Alexander Gauland hat es geschafft. Der 73-Jährige ist dort angekommen, wo er vielleicht nie wirklich hin wollte. Mit seiner „Alternative für Deutschland“ zieht der Spitzenkandidat und Landeschef fulminant in den neuen Brandenburger Landtag ein. Mit einer Mannschaft, die zum großen Teil aus Polit-Neulingen besteht. Gauland weiß, dass seine neue Partei, die derzeit den etablierten Parteien von links bis rechts das Fürchten lehrt, noch ein fragiles Gebilde ist, in der unterschiedlichste Strömungen und Erwartungen aufeinandertreffen. Und deshalb mahnt er auch im Moment seines größten Triumphs, diesen Erfolg nicht zu verspielen: „Wir haben jetzt eine große Verantwortung“, ruft er, kurz nachdem die Prognose über die Leinwand geflimmert ist. „Für uns ist das alles neu. Wir müssen noch viel lernen.“ Die Partei hat in Brandenburg noch nicht einmal eine Geschäftsstelle.

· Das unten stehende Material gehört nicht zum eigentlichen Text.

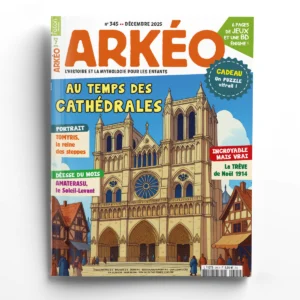Arkéo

Wie ein Donner toben der Applaus und die Jubelschreie durch das brechend volle Potsdamer Restaurant „Kutschstall“, wo die Partei feiert. 12 Prozent verheißt die Prognose, das würde 12 Mandate bedeuten, die ersten Hochrechnungen bestätigen wenig später den Trend. „Da wird Angela erst mal zum Conjäckchen greifen“, scherzt ein Parteifreund.

Als Ein-Themen-Partei war die AfD gestartet. Der Gründungsimpuls, die Euro-Krise und die aus Sicht der AfD falsche Rettungspolitik, hat im Wahlkampf in Brandenburg fast keine Rolle mehr gespielt. Innere Sicherheit, mangelnde Polizeipräsenz, Grenzkriminalität, der Bau neuer Asylbewerberheime, Kritik an der Zuwanderung – das waren die dominierenden Themen.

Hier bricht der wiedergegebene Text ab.